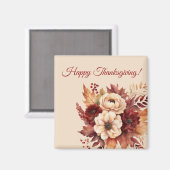 Thanksgiving-Waterverf Herfst Bloemen- Magneet (Voorkant / Achterkant)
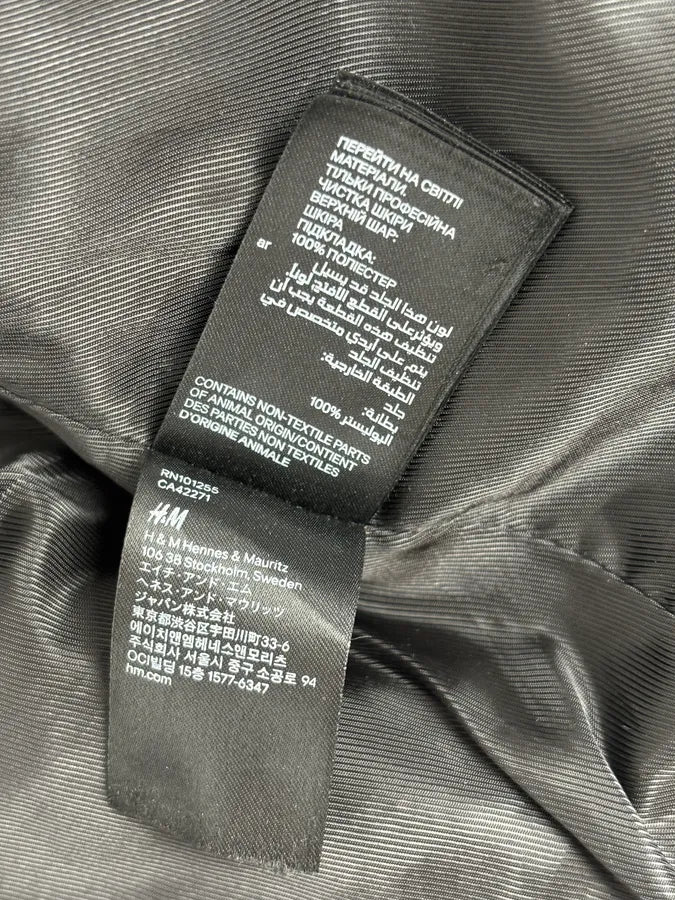 2015 Balmain H&M Black Leather Horpist Avant-Garde Rock Jacket - Image 13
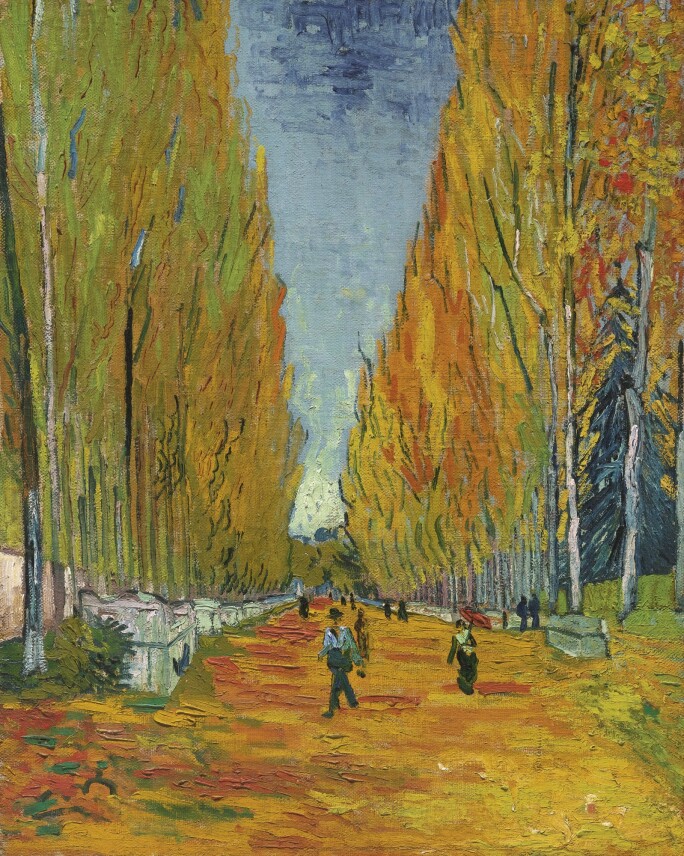 VINCENT VAN GOGH, L'ALLÉE DES ALYSCAMPS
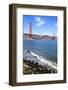 Vertical View of Famous Golden Gate Bridge-prochasson-Framed Photographic Print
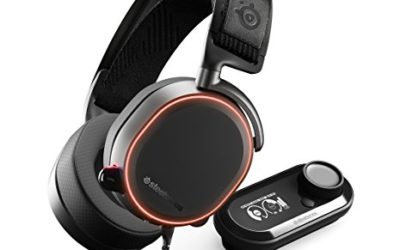 SteelSeries Arctis Pro + GameDAC Wired Gaming Headset – Certified Hi-Res Audio – Dedicated DAC and Amp – for PS4 and PC – Black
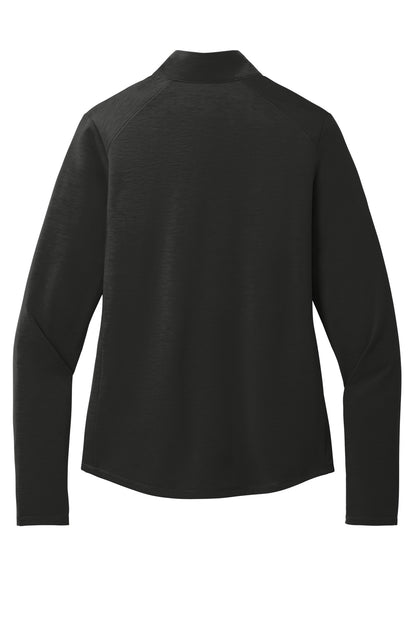 Rear View of Blacktop OGIO Women's Motion 1/4-Zip LOG153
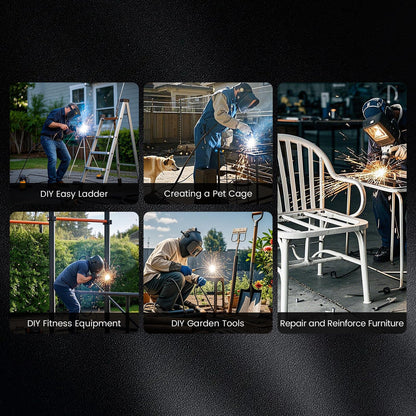 SSIMDER MIG Welder 200A Plasma Cutter Welder Combo 10 in 1 multiprocess welder Pulse MIG/Gas MIG/Flux Core/HF TIG/Stick/Cut Aluminum Welder Welding Machine for Home DIY Outdoor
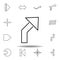 tilt arrow icon. Thin line icons set for website design and development, app development. Premium icon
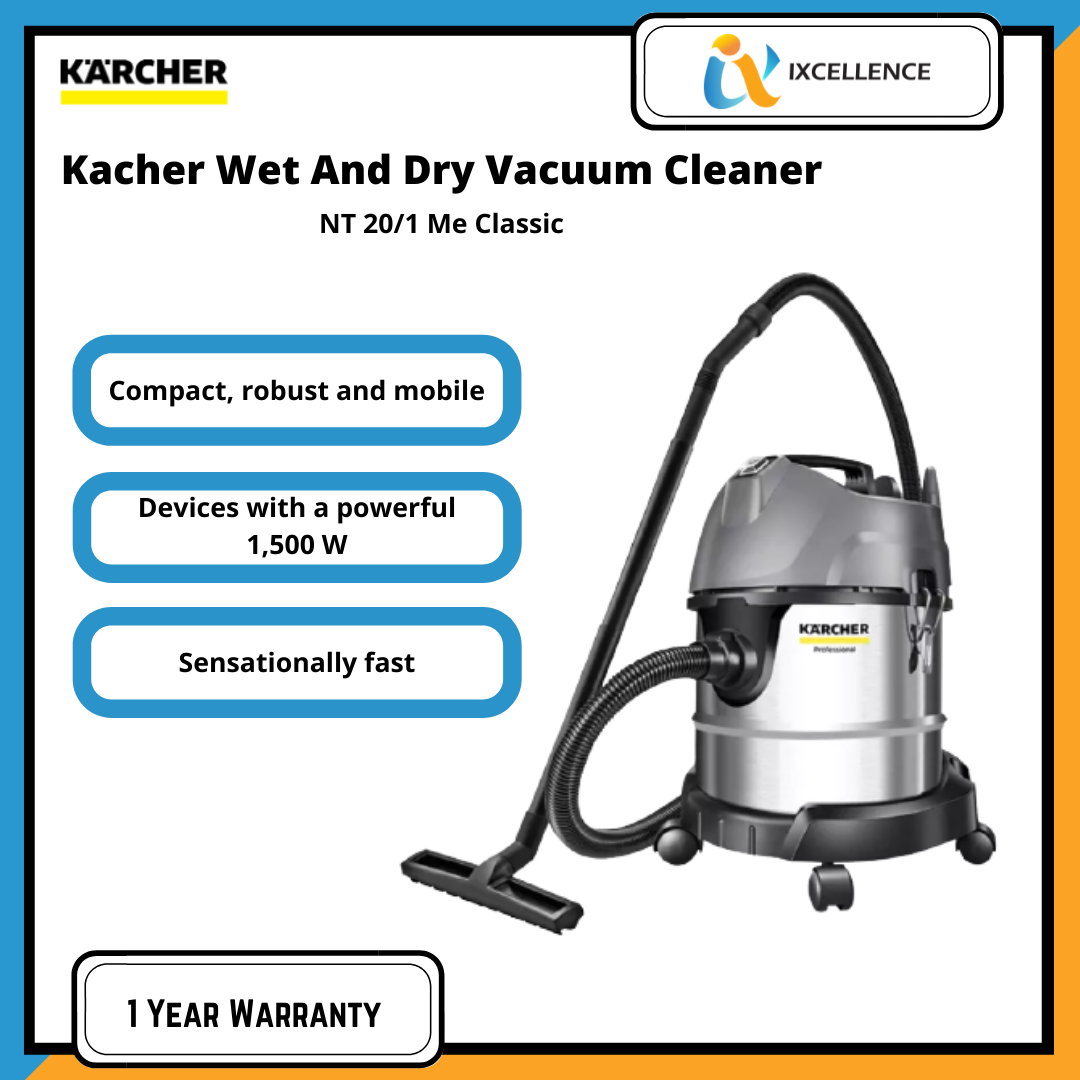 Karcher Wet And Dry Vacuum Cleaner NT 20/1 Me Classic Edition 1500W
_ _ _ _ _
TASK STATEMENT -> Leave the pictures out and output exactly the lines above, from the start of the listing through the line with "Rear View of".

THE COMPLETED TASK ->
 Thanksgiving-Waterverf Herfst Bloemen- Magneet (Voorkant / Achterkant)
 2015 Balmain H&M Black Leather Horpist Avant-Garde Rock Jacket - Image 13
 VINCENT VAN GOGH, L'ALLÉE DES ALYSCAMPS
 Vertical View of Famous Golden Gate Bridge-prochasson-Framed Photographic Print
 SteelSeries Arctis Pro + GameDAC Wired Gaming Headset – Certified Hi-Res Audio – Dedicated DAC and Amp – for PS4 and PC – Black
 Rear View of Blacktop OGIO Women's Motion 1/4-Zip LOG153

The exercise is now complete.